I’ve been thinking a lot about writing lately, possibly because I’m set to begin work on my fourth installment in the Alison Bergerson mystery series. I already have a title—“Extra Credit”—so that’s a start. My editor and I are usually throwing around words and phrases long after the manuscript has been submitted and approved, hoping to land on that one turn of phrase that will pique a reader’s interest. The third novel—out in December of this year—will be called “Quick Study” and many thanks to my friend Kelly, optometrist extraordinaire, who came up with that one.

I’ve also been thinking about the things I like the most about writing and some of the things that I’m not so crazy about and have compiled a list. Here are my top three:

1. My home office: One of the best things about being a writer? My home office. One of the worst things about being a writer? My home office. Being able to amble up to the third floor and sit at my pine table and work away for the day is really a blessing; I’m here to ship the kids off to school and here when they come home (is it three o’clock ALREADY?). But truth be told, I haven’t really left that attic space to do anything approaching physical activity in a really long time. I had a friend over the other night for a glass of champagne (no occasion; I think drinking champagne should make its way into the normal and mundane days just as often as it makes its way into the celebratory and exciting ones) who is a personal trainer. I asked her her secret to having abs that you could bounce a quarter off of. Apparently, scientists haven’t invented a secret pill since I stopped exercising that will guarantee you abs like my friend’s. Her advice? Eat less fat, cut out the Chardonnay, watch your carb intake, and take a brisk walk every day. My advice? Personal Trainer Friend, do not ever set foot in my house again. That solves that.

2. Talking about writing: One of the best and worst things about being a writer is talking about writing. I love talking to other writers, hearing their secrets, bouncing ideas off of them. I like how a great conversation about writing can get the juices flowing for everyone involved. I admire other writer’s work ethics, their ability to write through writer’s block, and how they turn a phrase. What I do not enjoy is people asking me what it takes to be a writer or when they devalue what writers do. Usually the people asking me about writing discuss the excuses they have for not writing first: “I have a full-time job,” (me, too); “I have kids,” (got two of my own); “I have a great idea for a novel but am way too busy to write,” (join the club). But you know what? Just like there’s no secret pill to having rock hard abs, there is no secret pill that will allow you to sit down and write a novel. It’s hard work and requires a bit of skill. And if you want to write, you have to write (just ask my fellow Stiletto-ites). Nothing will get in your way. Let’s revisit this in nine months when novel #4 is due, the abs are still the consistency of Jello, and I’m really cranky. Make sure you’re not the person I run into at the grocery store who announces to me that writing is easy, they have a book in them (that’s gotta hurt), and after they’re done, they’d love to have me edit it for them.

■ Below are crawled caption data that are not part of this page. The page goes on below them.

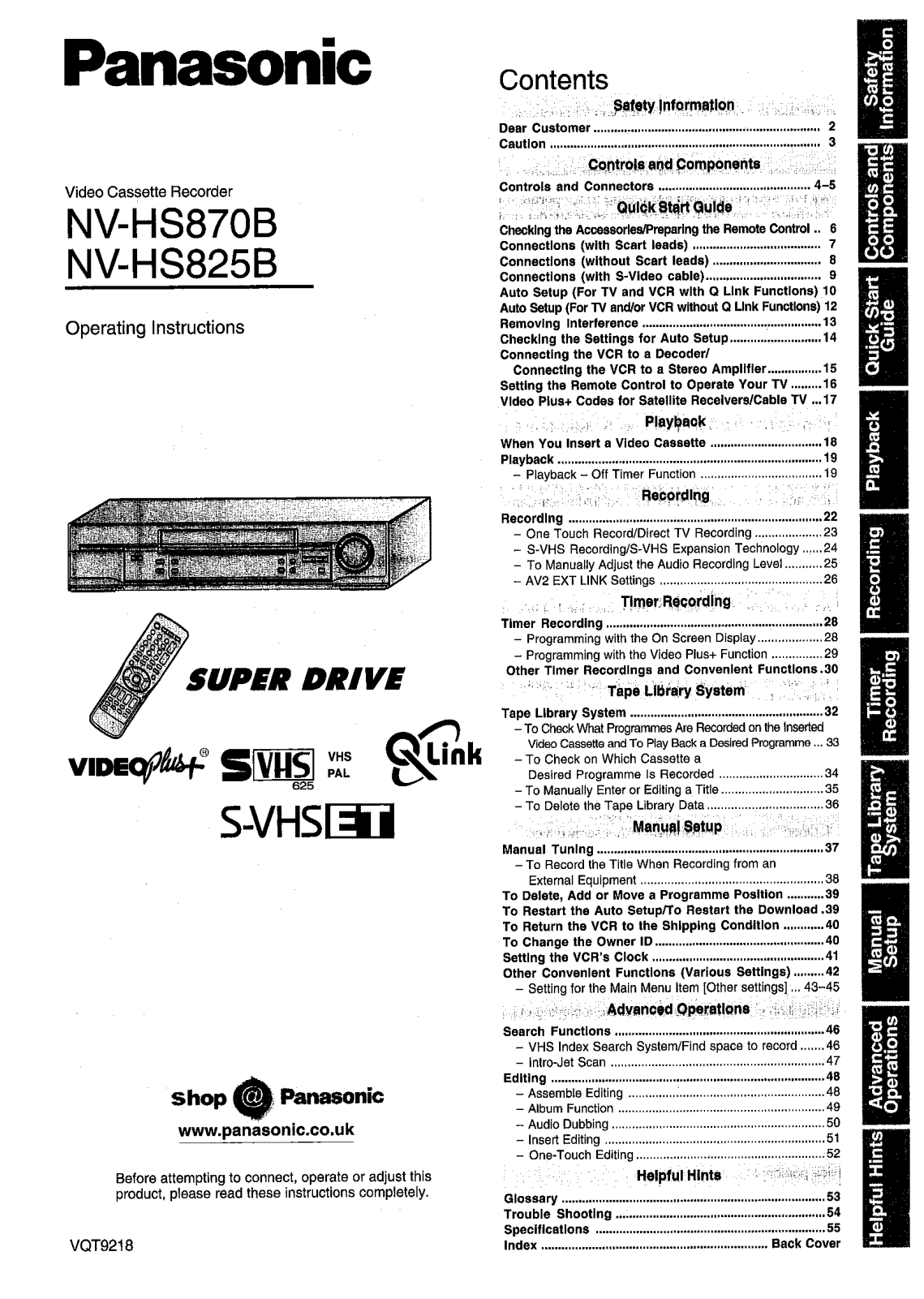 Panasonic NV-HS825 User Manual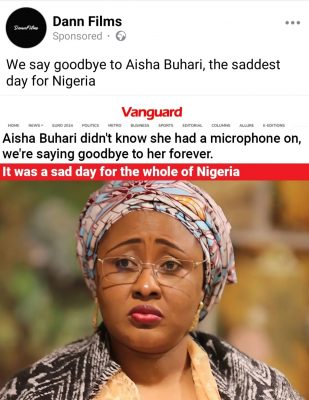 Aisha Buhari's photo manipulated on a Facebook page for sponsored post 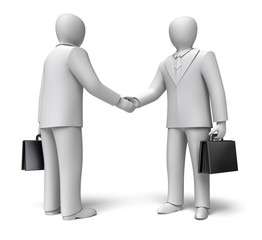 Business people shaking hands. 3D concept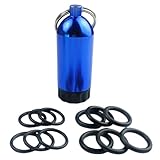 KiBcsLic Tauchschlüsselband Mini Tauchflasche 12 O Ringe Robuste Messing Pick Aluminiumlegierung für Regulator Instandhaltung, Blau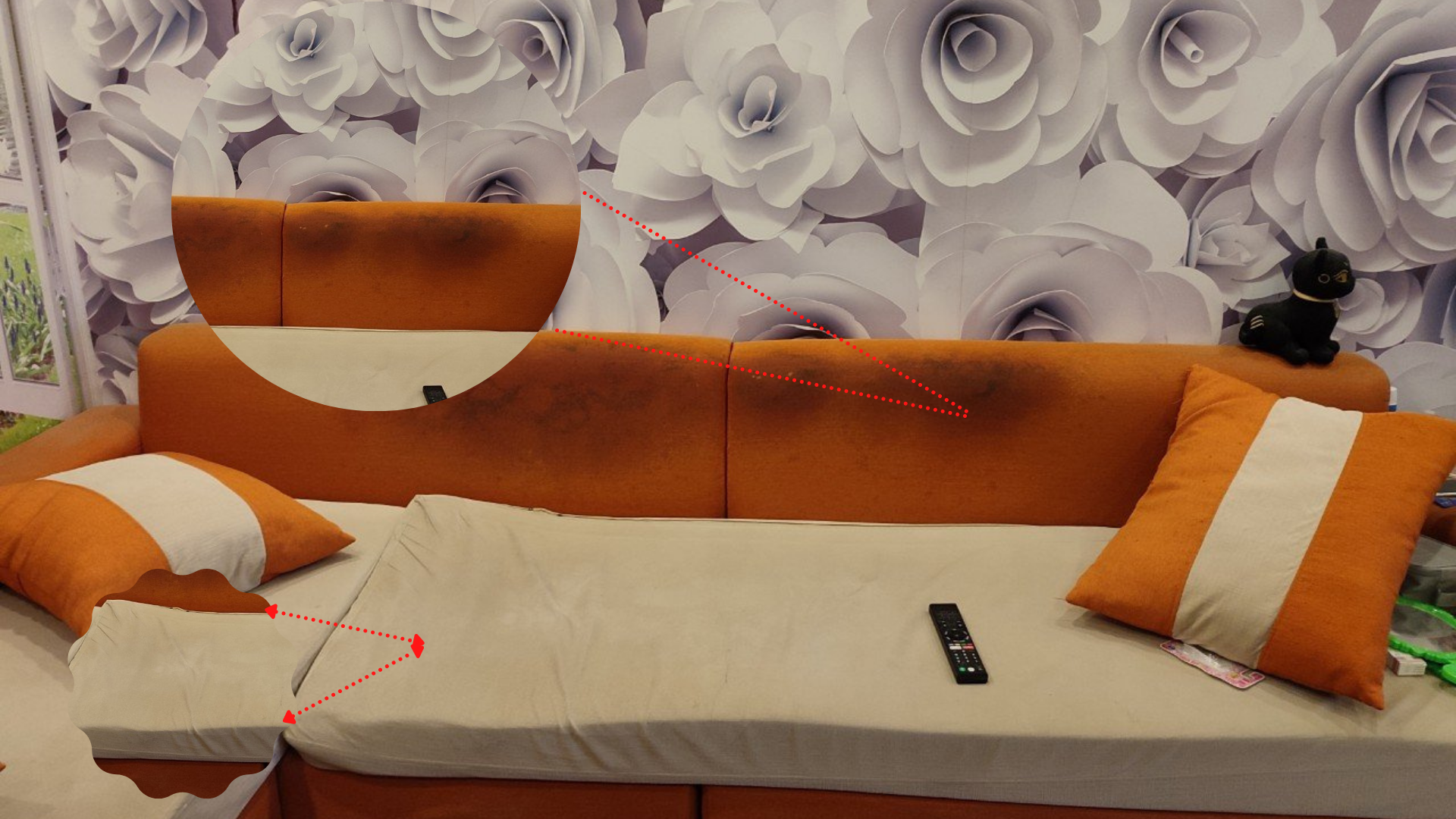 Hình ảnh nguyên trạng của bộ sofa của khách tại Trung Văn đnag gặp phải những vết bẩn bám đen và phần vỏ nhão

3. Book reviews: Good reviews? The best thing about writing. Bad reviews? Do I even have to answer that? A good review will make my day. The birds will sing, I’ll make cornbread from scratch—just because!—and I will be whistling a happy tune. But get my day started with reading a bad review and I’ll turn into a beast that should only show its face during the full moon. Why do I let reviews—both good and bad—affect me like this? I don’t like everything I read and I don’t have to. Neither should anyone else out there (and I’m thinking of those reviewers on Amazon for whom one-star is a rave). There’s some kind of saying involving not believing the good reviews or the bad reviews and all will be well, but I haven’t been able to listen to this sage advice and continue on this roller coaster of emotion for the few months after I publish one of my novels.

The best thing I’ve done in the past several months related to writing is visiting the book club at my husband’s school. This group is comprised of about ten teachers who read and discuss the chosen book at length. They have just finished “Extracurricular Activities” and we had a spirited discussion about the book, mysteries, and writing in general. It was a fabulous evening, with some of the best refreshments I have ever seen at a book club. (Braised short ribs? Potatoes au gratin? Asparagus? I guess I’ll work all of those butter-filled calories off at some point but for today, I am salivating just thinking about that meal. Don’t tell Personal Trainer Friend—who, incidentally, I adore—she’ll have me in exercise boot camp before long.)

But since this is a combo best/worst list, I can’t leave out the part of the evening that will live in infamy: I got up to say goodbye to an old friend, tripped in my new high heeled giraffe-print shoes and took a header into the dessert table. I don’t think that even having perfectly sculpted abs and a killer rear end would have kept me upright or from grabbing the Shop teacher’s leg in an effort to ward off a head wound.

Even though it was the worst thing for me, I’m going to hope that that was the best thing about the book club meeting for the book club members. Because, let’s face it, how many times do you get to have the writer at your book club AND see her do a face plant?